Problem: Scan the material for the string "Guide" and copy out every line in which it occurs.

Data for the task:
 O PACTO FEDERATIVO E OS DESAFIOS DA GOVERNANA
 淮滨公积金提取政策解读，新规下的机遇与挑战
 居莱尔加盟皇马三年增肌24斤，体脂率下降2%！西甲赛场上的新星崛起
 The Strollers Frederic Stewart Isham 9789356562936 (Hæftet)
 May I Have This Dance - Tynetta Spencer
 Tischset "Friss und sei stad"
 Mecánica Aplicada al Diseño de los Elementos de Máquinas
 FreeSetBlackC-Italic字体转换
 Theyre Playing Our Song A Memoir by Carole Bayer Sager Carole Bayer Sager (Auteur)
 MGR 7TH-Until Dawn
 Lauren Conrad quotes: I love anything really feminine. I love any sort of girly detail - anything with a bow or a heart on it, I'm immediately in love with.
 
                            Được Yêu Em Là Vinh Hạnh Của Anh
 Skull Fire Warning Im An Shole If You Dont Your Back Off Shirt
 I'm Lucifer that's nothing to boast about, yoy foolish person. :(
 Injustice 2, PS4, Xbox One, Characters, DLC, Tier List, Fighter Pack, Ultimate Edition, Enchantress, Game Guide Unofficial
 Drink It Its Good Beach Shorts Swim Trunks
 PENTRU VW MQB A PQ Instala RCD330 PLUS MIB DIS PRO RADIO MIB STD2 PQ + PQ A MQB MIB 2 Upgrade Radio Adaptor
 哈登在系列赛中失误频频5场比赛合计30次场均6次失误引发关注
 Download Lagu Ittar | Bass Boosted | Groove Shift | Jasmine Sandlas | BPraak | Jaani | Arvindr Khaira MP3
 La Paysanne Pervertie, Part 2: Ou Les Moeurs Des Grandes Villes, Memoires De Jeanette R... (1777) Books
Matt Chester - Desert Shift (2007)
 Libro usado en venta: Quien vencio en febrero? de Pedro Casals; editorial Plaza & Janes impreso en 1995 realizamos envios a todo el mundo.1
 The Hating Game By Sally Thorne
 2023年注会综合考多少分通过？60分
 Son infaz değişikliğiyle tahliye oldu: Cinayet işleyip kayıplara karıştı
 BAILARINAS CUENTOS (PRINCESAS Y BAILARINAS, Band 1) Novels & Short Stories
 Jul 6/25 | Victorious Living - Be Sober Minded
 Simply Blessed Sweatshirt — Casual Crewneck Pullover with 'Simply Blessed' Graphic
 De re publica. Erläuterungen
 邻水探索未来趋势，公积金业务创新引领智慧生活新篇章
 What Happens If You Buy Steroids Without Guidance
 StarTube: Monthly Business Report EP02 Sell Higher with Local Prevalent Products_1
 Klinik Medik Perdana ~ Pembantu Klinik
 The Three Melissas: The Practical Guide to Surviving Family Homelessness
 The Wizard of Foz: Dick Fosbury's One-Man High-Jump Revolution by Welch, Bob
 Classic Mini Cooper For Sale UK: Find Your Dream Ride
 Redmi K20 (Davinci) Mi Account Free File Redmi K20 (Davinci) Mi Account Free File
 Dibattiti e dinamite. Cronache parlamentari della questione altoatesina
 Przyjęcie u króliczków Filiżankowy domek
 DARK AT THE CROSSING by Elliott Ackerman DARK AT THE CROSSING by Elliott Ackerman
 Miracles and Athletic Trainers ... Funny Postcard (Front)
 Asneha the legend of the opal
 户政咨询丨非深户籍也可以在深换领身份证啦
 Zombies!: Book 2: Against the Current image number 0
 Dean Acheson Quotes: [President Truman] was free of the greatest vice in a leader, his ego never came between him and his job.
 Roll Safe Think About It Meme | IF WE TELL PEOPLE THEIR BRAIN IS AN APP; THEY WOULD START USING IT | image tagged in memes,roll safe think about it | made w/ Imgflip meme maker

Task response:
 Injustice 2, PS4, Xbox One, Characters, DLC, Tier List, Fighter Pack, Ultimate Edition, Enchantress, Game Guide Unofficial
 The Three Melissas: The Practical Guide to Surviving Family Homelessness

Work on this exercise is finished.